The retail tycoon’s Frasers Group Plc sued Morgan Stanley and Danish lender Saxo Bank after the banks issued the massive margin call over Ashley’s derivatives trade positions in Hugo Boss AG. While the claim against Saxo Bank was settled, according to the documents, Frasers has pursued Morgan Stanley ever since.

The “out of blue” margin call, which was described by the US bank’s own employees as “‘ridiculous’, ‘crazy’, ‘insane’,” was intended to force Frasers out from its open position in Hugo Boss, lawyers for the British retailer said in documents given to court before the Wednesday start of trial.

The margin call was unfair and “capricious,” Frasers’ lawyers argued in legal filings. Simon Smith, the then-head of EMEA investment banking at Morgan Stanley, had a “visceral reaction” to the prospect of doing business with Frasers, which fueled its stand on the margin call, lawyers for Frasers said in court filings citing emails.

“We just don’t like him,” another Morgan Stanley banker had said in a reference to Ashley, Frasers’ lawyers said in their arguments.

Frasers’ claim is divorced from legal, factual and market reality and the retailer didn’t suffer any loss when it transferred the trades away from the Morgan Stanley, the US bank’s lawyers said in the opening arguments given to the court. 

“Frasers has embarked on lawfare against the Morgan Stanley on an extraordinary scale,” the bank’s lawyers said. “Frasers advances wild allegations of bad faith and irrationality and asks the court boldly to go where it has never gone before.”

Smith didn’t take part in the decision on the margin call, which was based on stress tests and standard practice, lawyers for the US bank argue.

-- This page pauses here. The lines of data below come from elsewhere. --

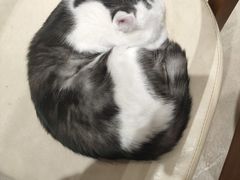 -藏猫猫咖啡主题馆(中央大道店)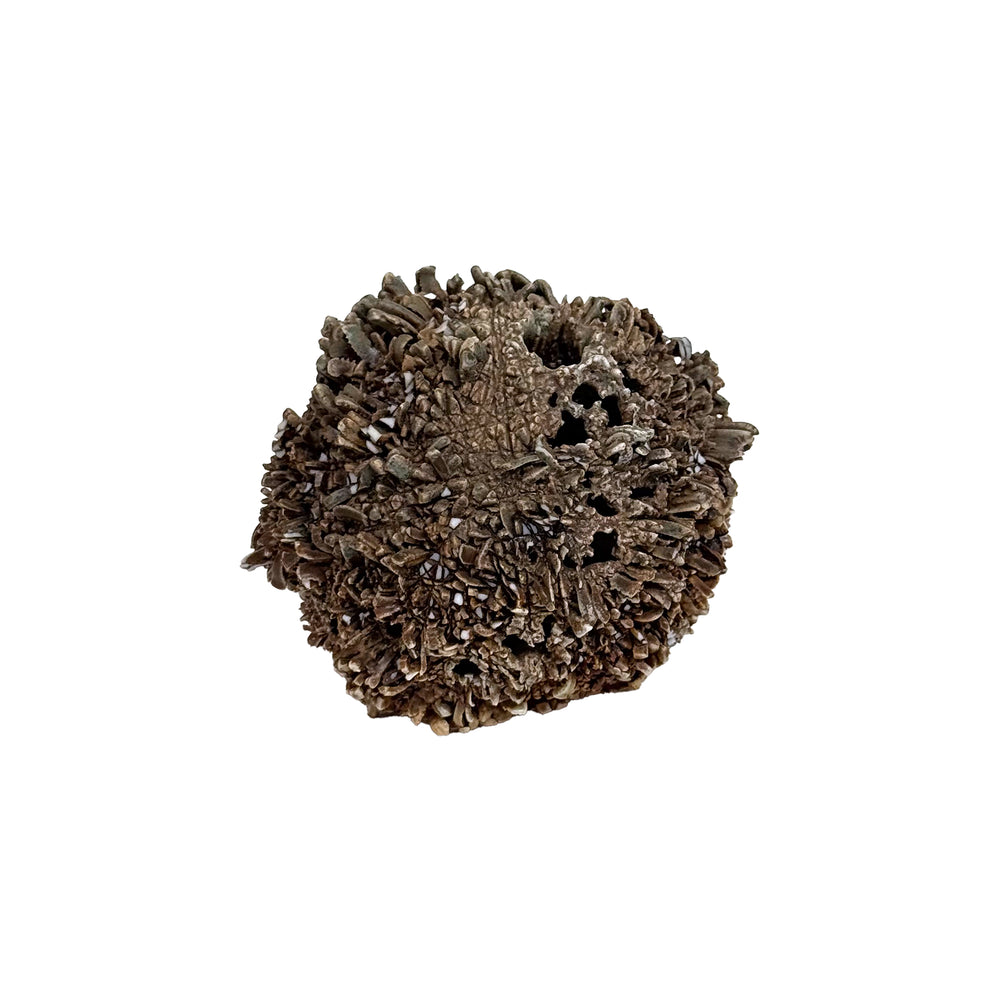 Studio Ceramic "Sea Urchin" Sculpture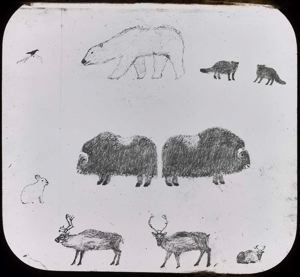 Image: Drawing of Bear, Musk-Ox, Reindeer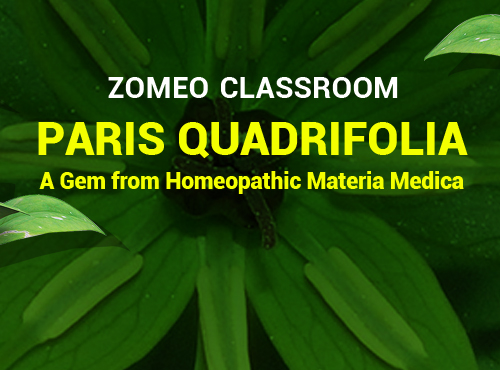 Paris Quadrifolia - A Gem from Homeopathy Materia Medica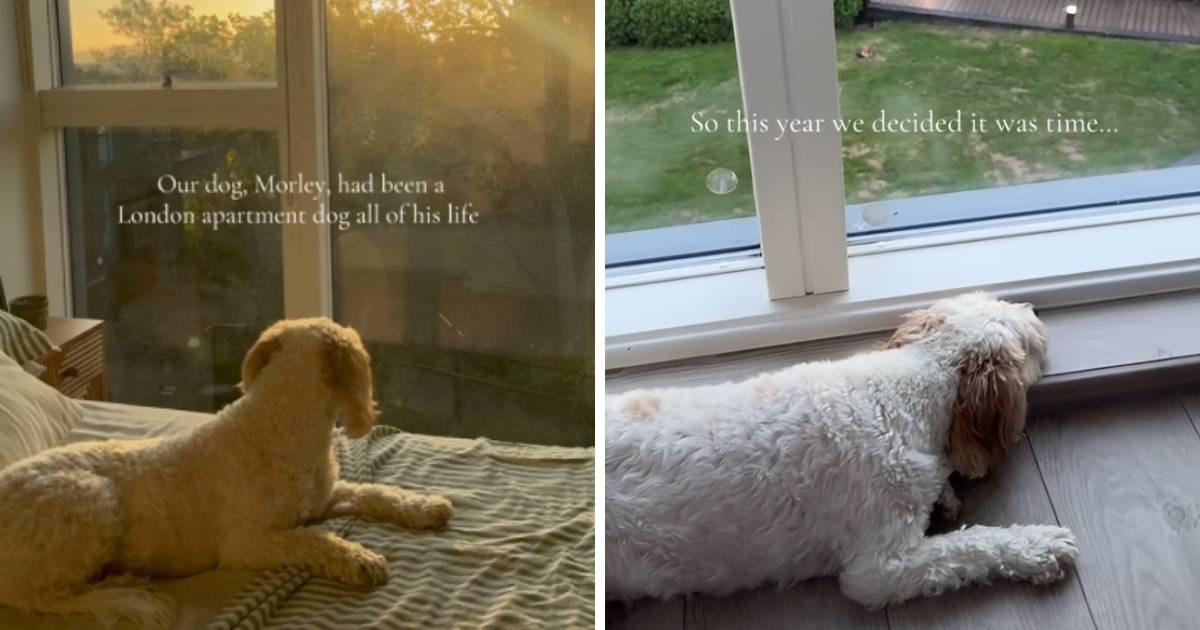 Pas je u stanu tužno gledao kroz prozor. Vlasnici donijeli veliku odluku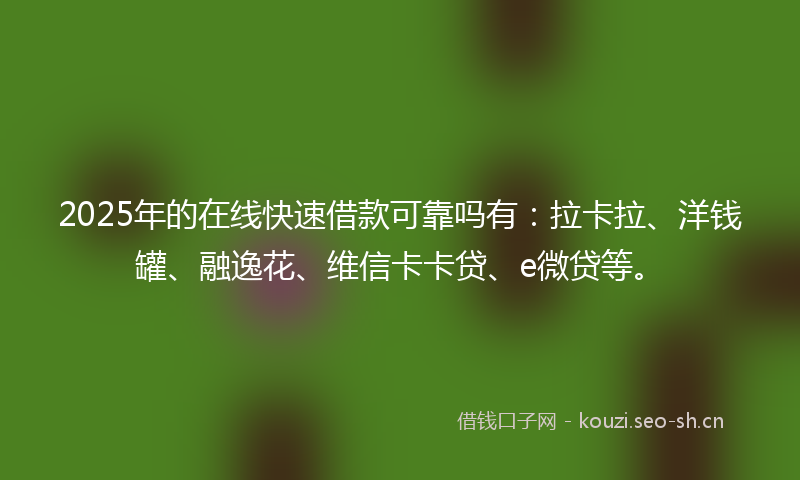 2025年的在线快速借款可靠吗有：拉卡拉、洋钱罐、融逸花、维信卡卡贷、e微贷等。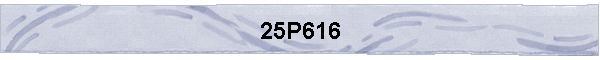 25P616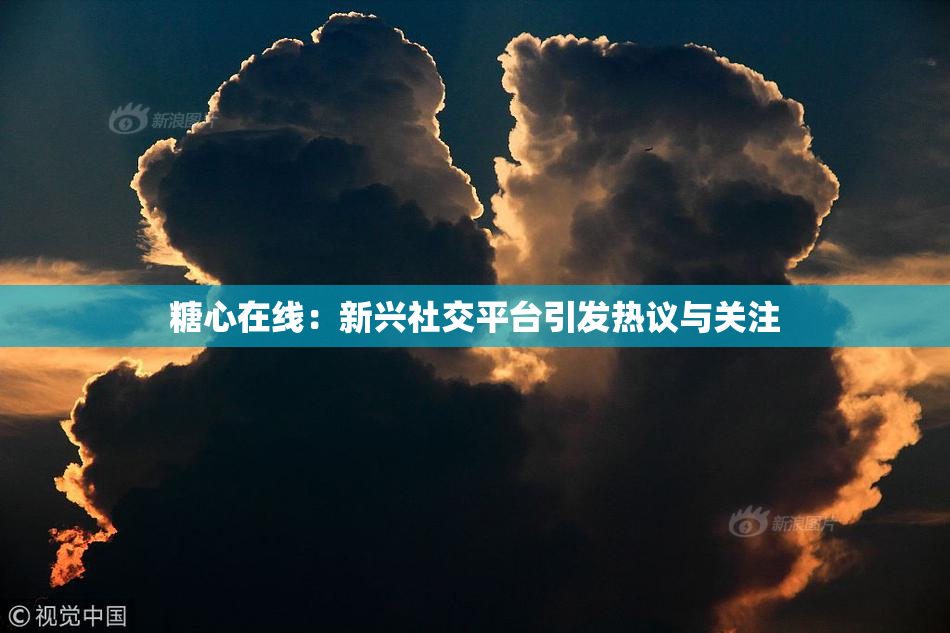 糖心在线：新兴社交平台引发热议与关注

Frasers’ trade positions posed significant potential risks to Morgan Stanley. 

There was no “irrationality” on the part of Smith or the bank when it decided not to enter into any contractual relationship with Frasers, they said.

Before the dispute arose Morgan Stanley was unwilling to offer corporate and advisory services to Frasers because of Ashley’s reputation, “deserved or otherwise,” for being litigious among other reasons, the bank’s lawyers said. 

Ashley’s retail firm was trading in options through Saxo Bank, which in turn executed them with the US bank, according to the filings. The margin call represented the risk that Hugo Boss’ share price might jump by more than 400% from the strike price and cause losses.

Ashley’s firm has sought about $50 million in damages.

“Frasers has never been a client of Morgan Stanley. This claim is contrived and without merit and we will defend it vigorously,” a spokesperson for Morgan Stanley said in an emailed statement. Lawyers for Frasers declined to comment.